In June this year I had the honour of speaking at the NSW Amnesty International launch of Sunny Jacobs’ biography, Stolen Time.  I shared the stage with Amnesty, the NSW Council of Civil Liberties and Sunny herself who read extracts from the book and spoke generally about her experiences on death row and subsequently.  Sunny is also featured in the play The Exonerated.  In the film of the play, she is played by Susan Sarandon.  Much of the question and answer session at the launch of her book turned on the issue of compassion and forgiveness, and Sunny spoke at length about being inspired by an Edinburgh Festival production of Loreli — A Meditation on Loss (co-written by Nick Harrington).

On reading her book and again on hearing her speak, I was struck that Sunny’s story is not just ‘a’ story of Death Row, but ‘the’ story of Death Row.  She and her partner Jesse Tafero, were convicted in Florida of killing a state highway patrol officer and a visiting Canadian police officer and were sentenced to death in 1976.  They were both present with their two children in the car at the time of the shooting with Walter Rhodes, who was the only one to test positive to gun shot residue.  Rhodes turned state’s witness, testified that both Sunny and Jesse shot the officers, received a life sentence and was ultimately paroled.  He subsequently retracted his statement but it was not until 1992 that Sunny was exonerated, after 16 years of struggle to clear her and Jesse’s names.  From the outset, the scales were tipped against Sunny and Jesse; they were poor, unemployed, poorly educated, and from out of town — as is so commonly the case for those sentenced to death.  Their trial was beset by false testimony, including a false confession, a biased judge (who had only recently been elected to the bench after a career as a highway patrol officer) and a media screaming for their blood.  The exoneration came too late for Jesse who was killed in one of the more notorious ‘botched executions’ for which three jolts of electricity were required and during which six-inch flames were reported to have shot from his head.  To this day, Sunny has refrained from reading the official report into his death.

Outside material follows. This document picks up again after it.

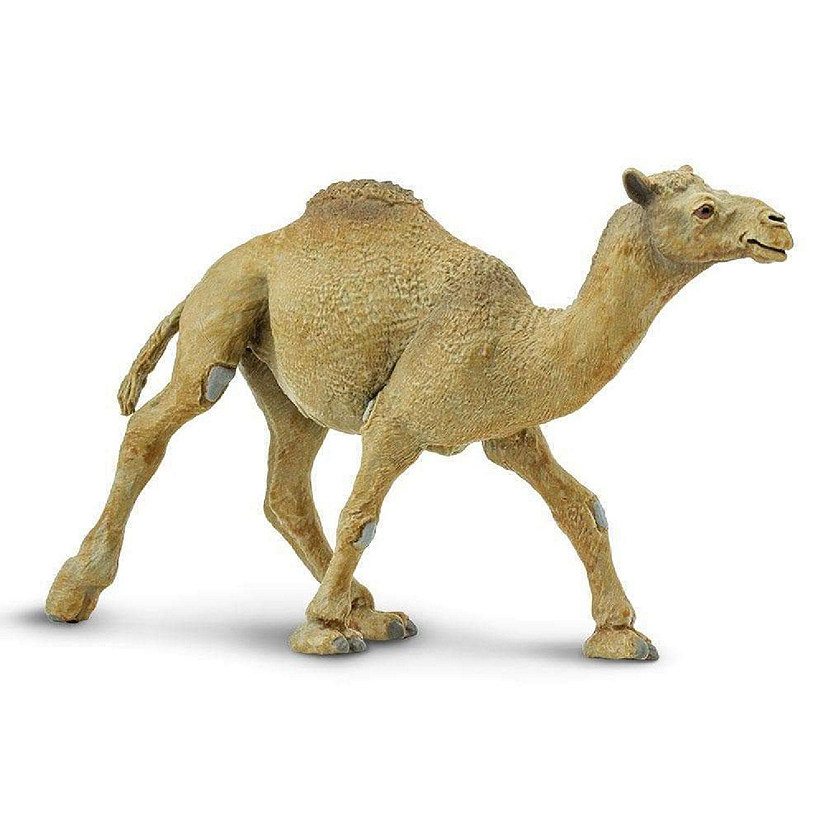 Safari Dromedary Camel Toy Image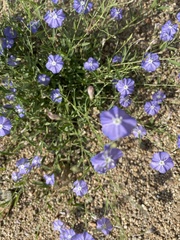 Evolvulus arizonicus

Sunny spent her first year on death row in solitary confinement, with a (contraband) piece of newspaper, woven intricately into a an eating mat, and some ants as her only contact with sanity.  She was the only woman on Death Row in Florida at the time.  It was not until she brought and won a civil rights suit (opposed vigorously by the state) that she was eventually accorded the basic rights that male death row prisoners enjoyed at the time and removed from solitary confinement.  She credits her survival to her knowledge and practice of yoga, turning her cell into a form of sanctuary.  Sunny’s strength of mind is a striking part of her story as is her single-minded determination to win back her family, her children, her partner, her freedom and her right to be respected as a human.  In a life beset by hardship and tragedy, her compassion and humanity are remarkable.